Cricket analogy: The on-field umpire (Dispatchers.Main) must personally make every live call the crowd sees; the groundstaff (Dispatchers.IO) handle pitch and boundary rope work off to the side; the statisticians crunching net run-rate scenarios (Dispatchers.Default) work independently — and a well-run broadcast (viewModelScope) auto-cancels its feed when the match ends.
Think of a dispatcher as choosing which lane on a highway a coroutine drives in — Main is the single-lane road reserved for UI updates, IO is a wide multi-lane road built for many cars waiting on external traffic (network/disk), and Default is a lane optimized for cars doing heavy work (CPU crunching) rather than waiting.

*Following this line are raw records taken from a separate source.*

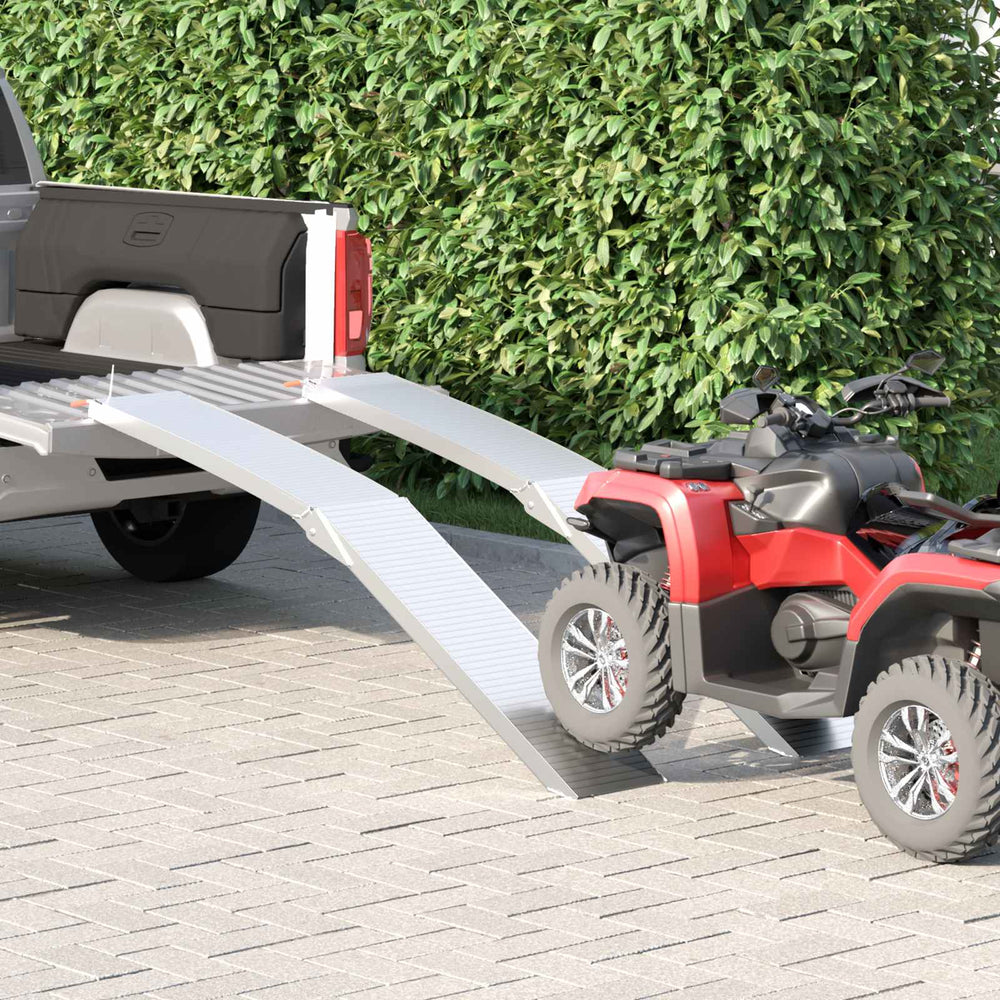 Vidaxl motorcycle ramp 680 kg 2 pcs zilver 205 x 28 x 5 cm aluminium
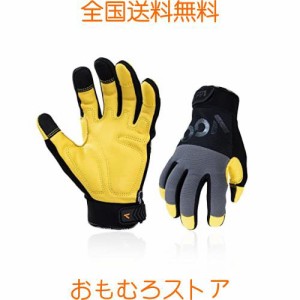 [Vgo...] メンズ メカニックグローブ 作業用 手袋 作業手袋 かわてぶくろ 牛革手袋 耐衝撃 防振手袋 ガーデングローブ リガー手袋 ワーク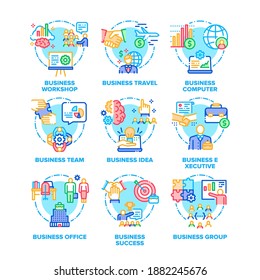 Business Occupation Set Vector Color Illustrations. Business Workshop And Travel, Computer And Office, Executive Team Group And Success Work, Idea And Goal Icons Collection Color Illustrations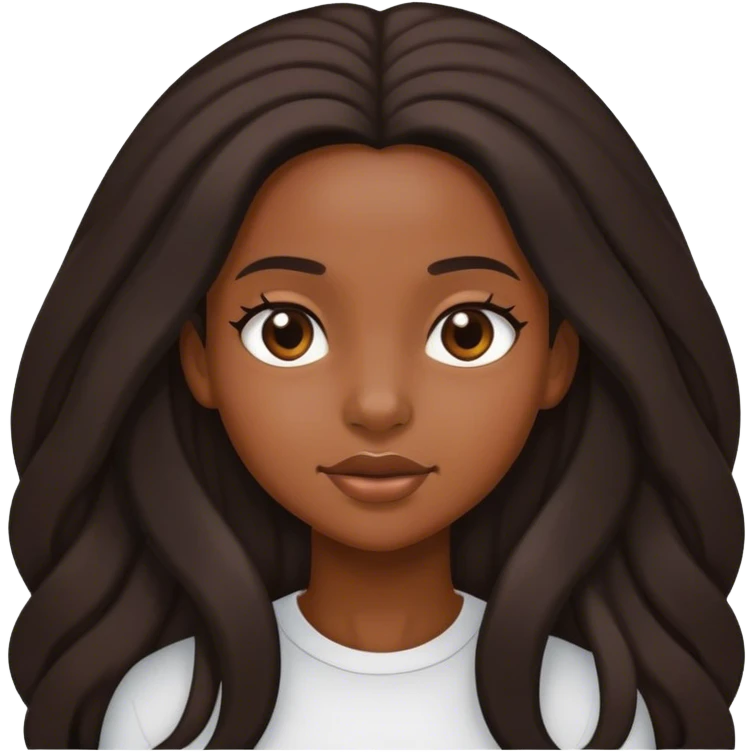 Black girl with long hair emoji
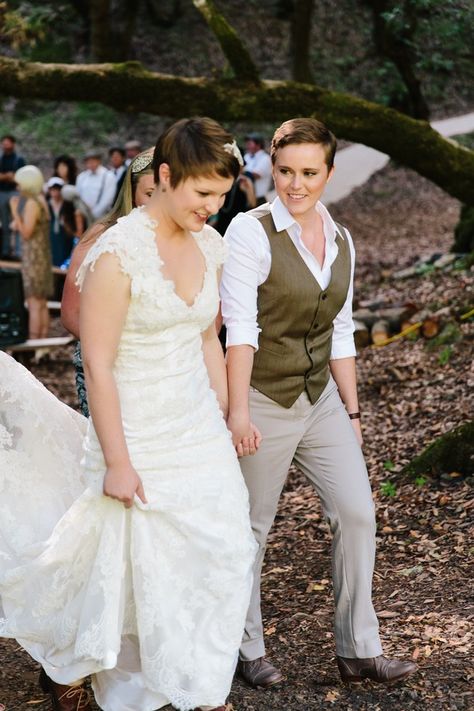 Lgbt Wedding Attire, Dapper Bride, Wedding Suit Styles, Wedding Vest, Lesbian Outfits, Bridal Party Attire, Lgbt Wedding, Lakeside Wedding, Blush Bride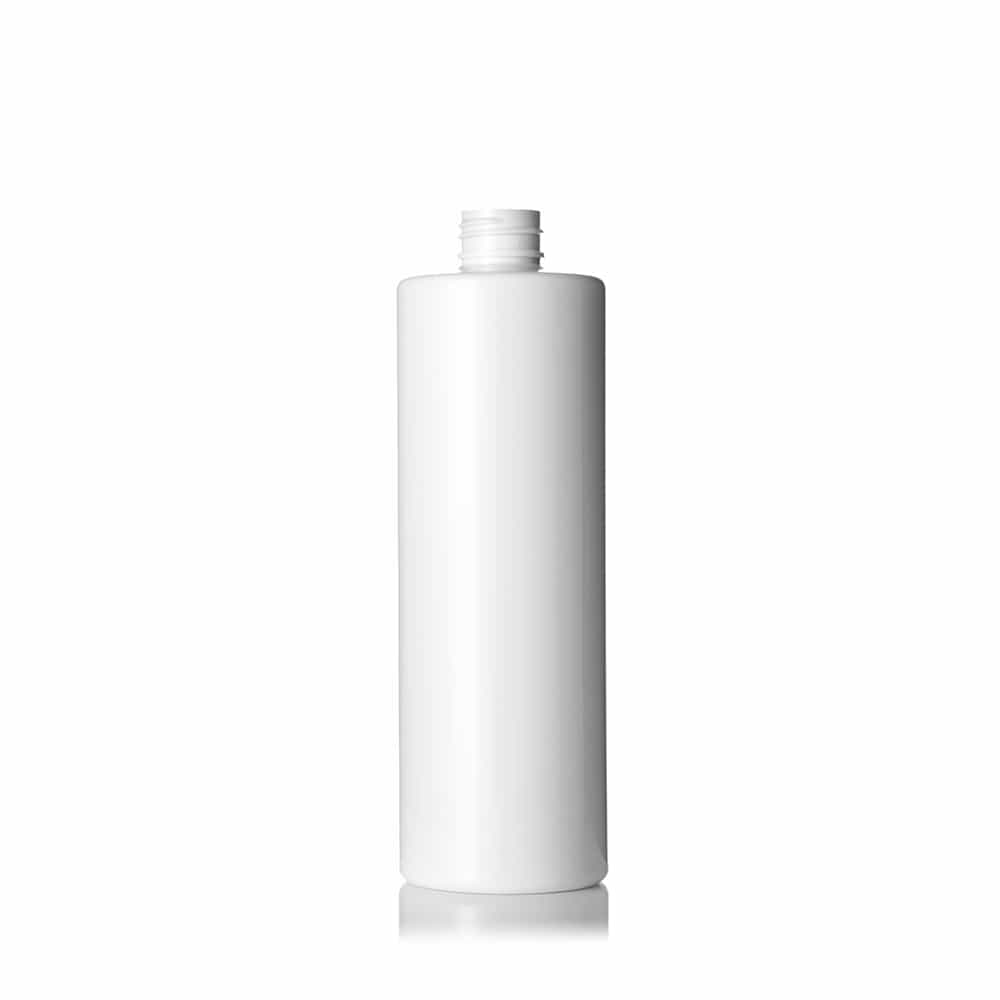 12 oz White PET Cylinder Round Bottle with 24-410 neck finish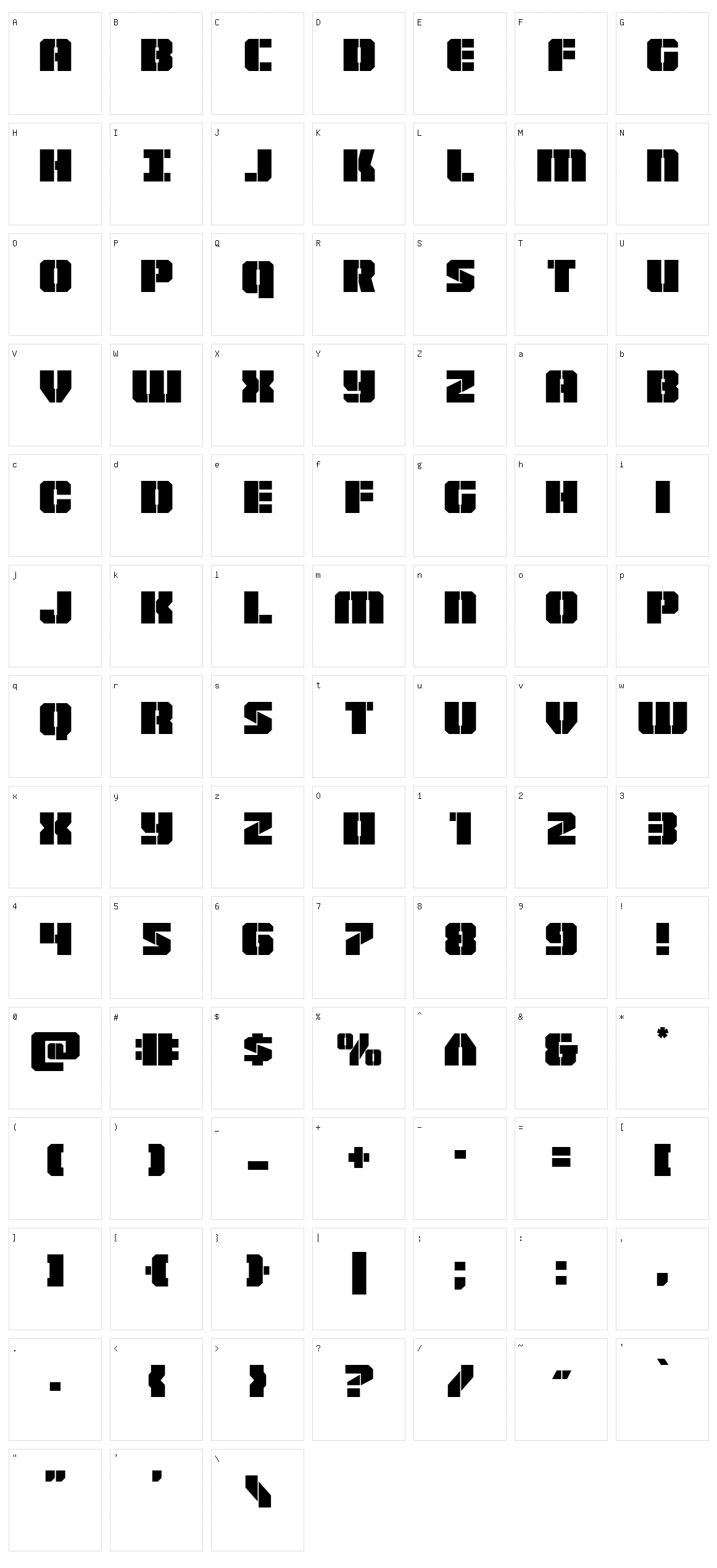 Warpthruster Character Set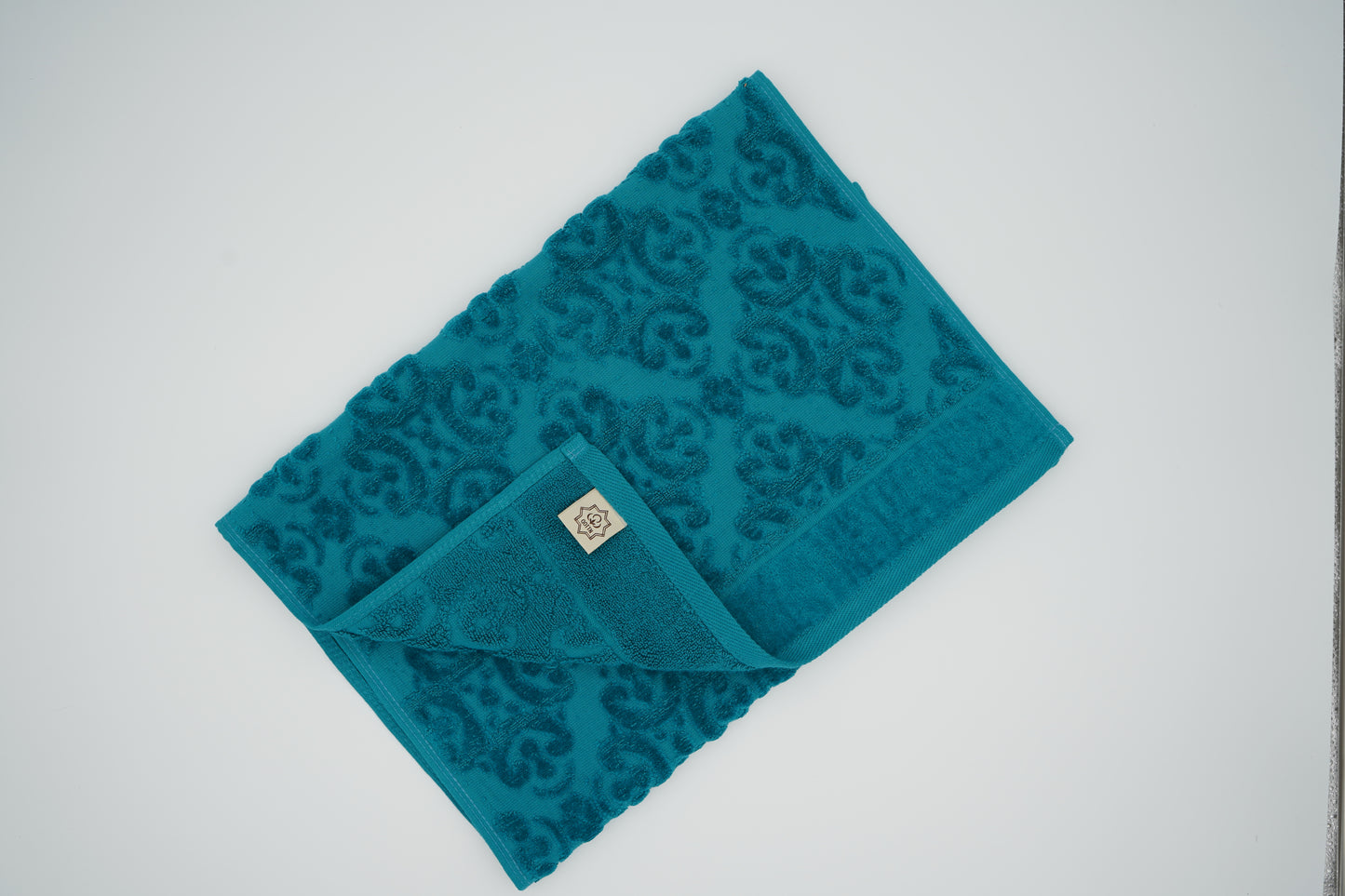 Turquoise Damask Jacquard Towel – 70 × 140 cm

Launching a coroutine in GlobalScope inside a ViewModel or composable is a common mistake: it is never automatically cancelled, so the coroutine can keep running (and holding references) long after the screen is gone, causing leaks and wasted work. Always prefer a lifecycle-bound scope like viewModelScope or rememberCoroutineScope() in Compose.
- Coroutines are lightweight, suspendable units of work managed by the Kotlin runtime, not the OS.
- suspend functions can only be called from other suspend functions or from a coroutine builder like launch/async.
- Structured concurrency ties a coroutine's lifetime to its enclosing scope, so cancellation propagates automatically.
- launch is fire-and-forget (returns Job); async returns a Deferred<T> for a computed result.
- viewModelScope is the standard scope for ViewModel coroutines and is auto-cancelled in onCleared().
- Avoid GlobalScope in app code — it bypasses structured concurrency and can leak background work.
Practice what you learned
1. What does the `suspend` modifier indicate about a function?
2. Which coroutine builder should you use when you need to run two independent operations concurrently and combine their results?
3. What happens to coroutines launched in viewModelScope when the ViewModel's onCleared() is called?
4. Which dispatcher is appropriate for CPU-intensive work like sorting a very large list?
5. Why is using GlobalScope discouraged in an Android ViewModel or composable?